━━━━━ Data extract ━━━━━

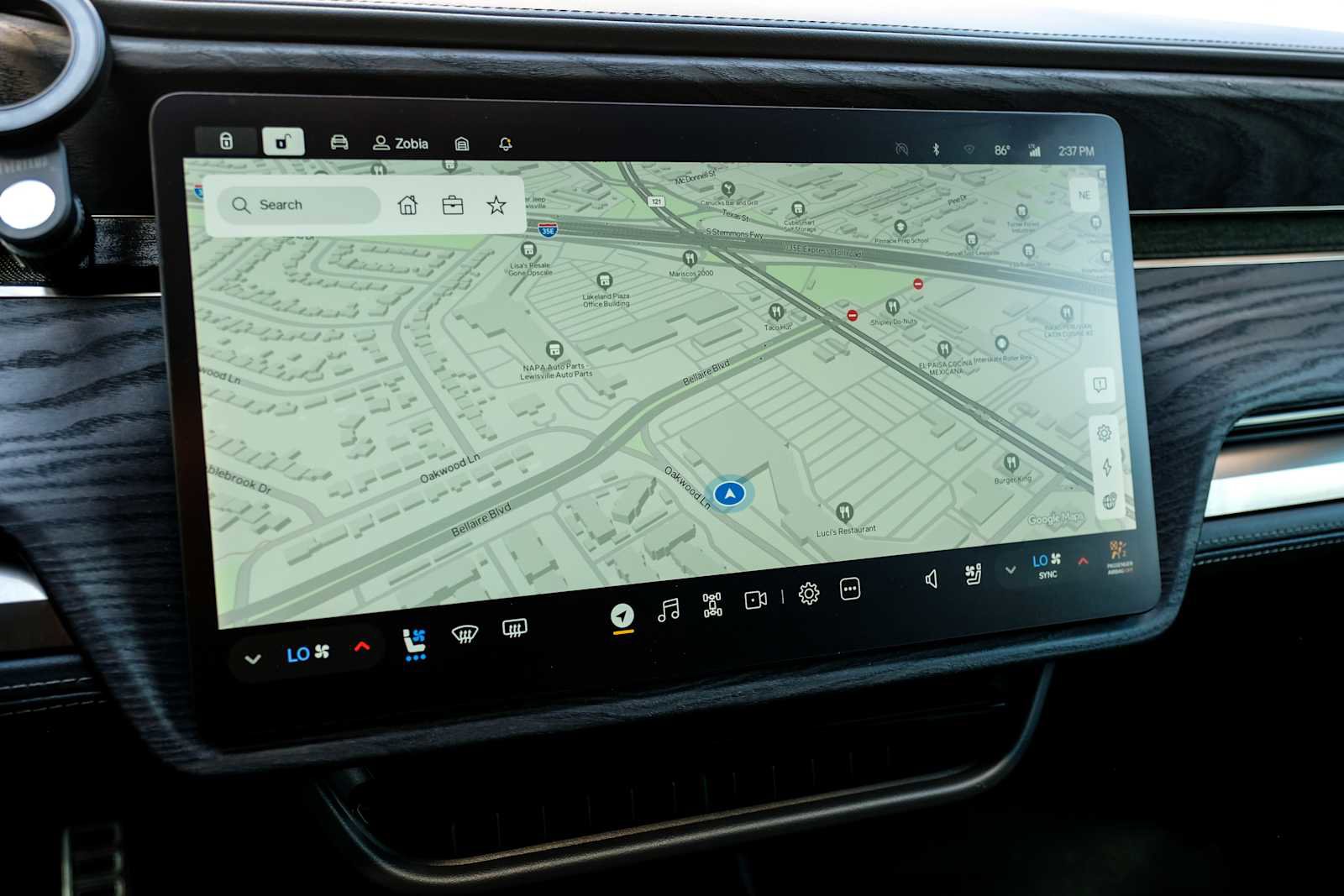 Used 2023 Rivian R1S Adventure image 21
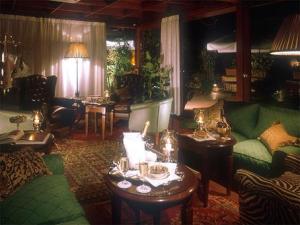 The Inn at the Spanish Steps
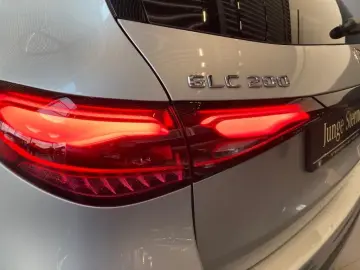 GLC 200 4M AMG+PANO+AHK+KAMERA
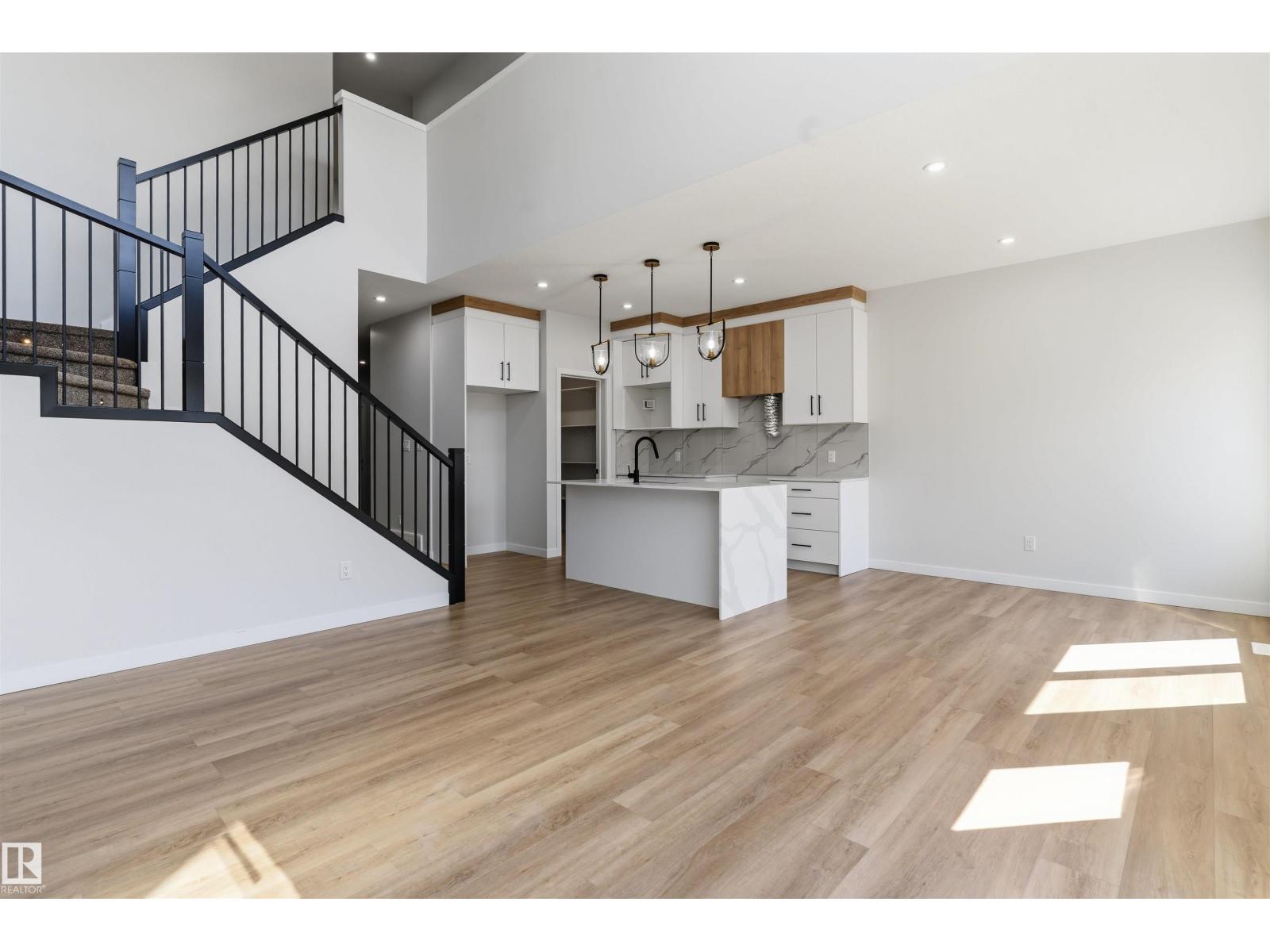 8727 181 AV NW - 5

━━━━━

What you give back must match the material above exactly, minus its pictures.

 Used 2023 Rivian R1S Adventure image 21
 The Inn at the Spanish Steps
 GLC 200 4M AMG+PANO+AHK+KAMERA
 8727 181 AV NW - 5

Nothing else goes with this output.